时间:2024年12月21(周六)9:00
地点:气候变化与能源经济研究中心会议室
Paper1:尹洁 THE ENVIRONMENTAL BIAS OF TRADE POLICY
摘要:This article describes a new fact, then analyzes its causes and consequences: in most countries, import tariffs and nontariff barriers are substantially lower on dirty than on clean industries, where an industry’s “dirtiness” is defined as its carbon dioxide (CO2) emissions per dollar of output. This difference in trade policy creates a global implicit subsidy to CO2 emissions in internationally traded goods and contributes to climate change. This global implicit subsidy to CO2 emissions totals several hundred billion dollars annually. The greater protection of downstream industries, which are relatively clean, substantially accounts for this pattern. The downstream pattern can be explained by theories where industries lobby for low tariffs on their inputs but final consumers are poorly organized. A quantitative general equilibrium model suggests that if countries applied similar trade policies to clean and dirty goods, global CO2 emissions would decreas额and global real income would change little.

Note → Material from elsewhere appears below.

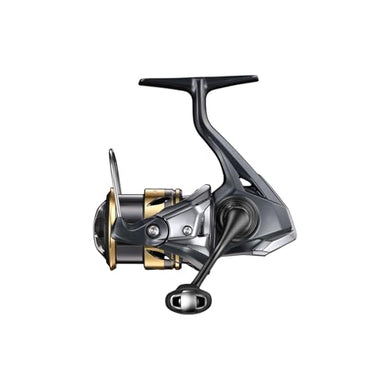 Shimano 25 ULTEGRA C2000SHG Spinning Reel 4969363047953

Paper2:陈蕾如 How does artificial intelligence affect manufacturing firms' energy intensity
摘要:This paper investigates the effects of artificial intelligence (AI) on manufacturing firms' energy intensity (EI) by examining the substitutive role of AI in factor inputs. We assess how AI advancements and the assimilation can improve productivity and enhance energy efficiency, potentially reducing EI. Using a dataset of Chinese listed manufacturing companies from 2006 to 2020, this study quantifies AI adoption through text analysis of firms' annual reports. The findings indicate that AI applications can significantly improve production efficiency and energy efficiency, thereby significantly diminishing firms' EI. This trend is more pronounced for private sector companies and for firms in cities not included in the smart city pilot project. The study concludes with policy recommendations to advance energy conservation and emissions reduction.